Maverick: Point Blank (1957)
Season 1, Episode 2
10/10
The Real Maverick Pilot
6 August 2013
Warning: Spoilers
Producer Roy Huggins apparently intended this to be the viewer's first introduction to Bret Maverick. Warner Brothers decided to put on the lighter and weaker episode of "War of the Silver Kings" before broadcasting this one. I would say that Huggins understood the character and series needs more than the execs at Warner Brothers.

The opening shots of the lone rider Maverick being chased by a posse of fifty men shows the usual great sense of humor that the series always had, but here the humor is quickly balanced by more suspense and sharp and surprising plot twists.

It is also enhanced with a wonderful acting performance by Karen Steele as Molly Gleason, a woman who can't decide between Maverick and banker-criminal(and future Mannix actor) Mike Connors. It is rare that a woman character gets to be as indecisive as here. Both Maverick and the audience isn't sure if she's ruthlessly evil or just helplessly caught in a bad scheme by her lover Connors to rob a bank. It could go either way right up the very end.

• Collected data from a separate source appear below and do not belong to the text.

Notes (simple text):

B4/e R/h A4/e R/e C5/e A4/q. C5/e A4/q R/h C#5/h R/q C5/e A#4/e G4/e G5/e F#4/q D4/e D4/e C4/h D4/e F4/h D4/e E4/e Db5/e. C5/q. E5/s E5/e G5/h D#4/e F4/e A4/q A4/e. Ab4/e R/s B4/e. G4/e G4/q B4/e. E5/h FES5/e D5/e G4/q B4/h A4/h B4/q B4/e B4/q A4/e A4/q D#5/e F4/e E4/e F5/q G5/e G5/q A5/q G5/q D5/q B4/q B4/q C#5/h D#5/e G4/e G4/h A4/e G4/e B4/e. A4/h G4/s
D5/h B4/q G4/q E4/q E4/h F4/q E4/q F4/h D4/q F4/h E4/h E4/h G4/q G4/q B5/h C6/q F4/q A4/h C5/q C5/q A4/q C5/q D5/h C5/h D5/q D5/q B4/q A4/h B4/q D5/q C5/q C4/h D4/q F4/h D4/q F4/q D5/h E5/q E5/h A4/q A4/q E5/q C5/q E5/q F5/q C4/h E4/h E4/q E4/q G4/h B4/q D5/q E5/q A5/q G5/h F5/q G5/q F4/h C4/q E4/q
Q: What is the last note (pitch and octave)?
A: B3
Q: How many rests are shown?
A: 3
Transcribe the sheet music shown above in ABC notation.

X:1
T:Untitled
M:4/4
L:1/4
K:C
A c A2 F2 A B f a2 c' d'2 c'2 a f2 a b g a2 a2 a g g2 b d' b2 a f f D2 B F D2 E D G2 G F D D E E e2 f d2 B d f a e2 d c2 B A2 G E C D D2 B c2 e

Usually James Garner is better looking than the women he meets in the series and they're not really a match for him acting wise. However, here Steele looks more than a little like Marilyn Monroe and acts with Marilyn's kind of heart-on-the-sleeve vulnerability that was popular at the time. She actually out-acts Garner in a couple of scenes. Catch the wonderful bit at the end where Maverick says that he has come to say goodbye and she just reacts by immediately and coldly saying "Goodbye." Her contempt for Maverick is expressed clearly and strongly in that one word.

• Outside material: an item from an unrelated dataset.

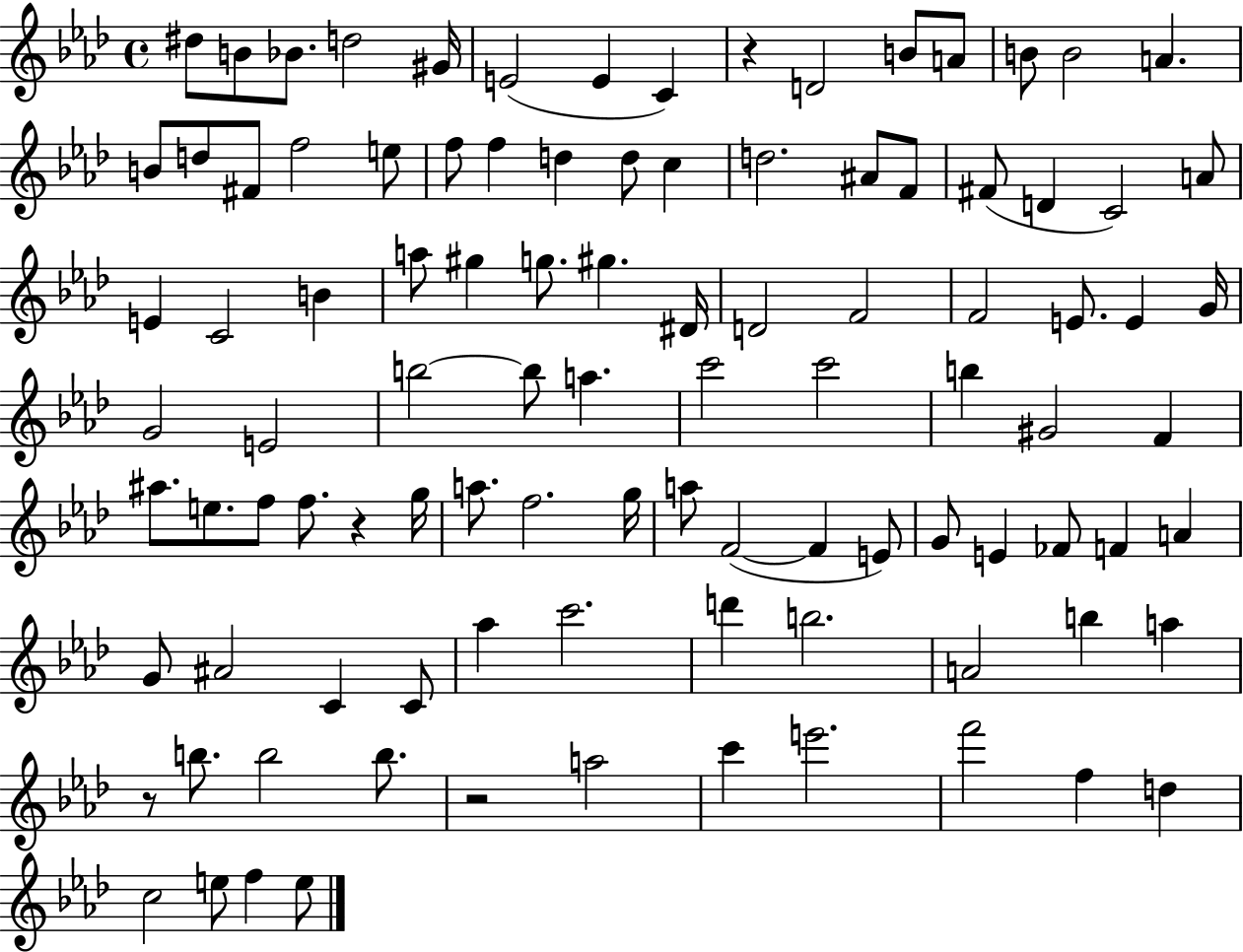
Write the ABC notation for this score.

Steele is strikingly out of place in the small western town, as Maverick repeatedly tells her.

Besides Steele's outstanding performance, watch for Peter Brown's quick appearances as a deputy. He went on to star in a great Western series "Lawman" the following year, where he also played a deputy. He starred in a second excellent Western series called "Laredo" in the 1960's, which was probably the closest series to "Maverick" in spirit.

Again, I see this as the great pilot episode that introduces us to the best Western series and character ever on television.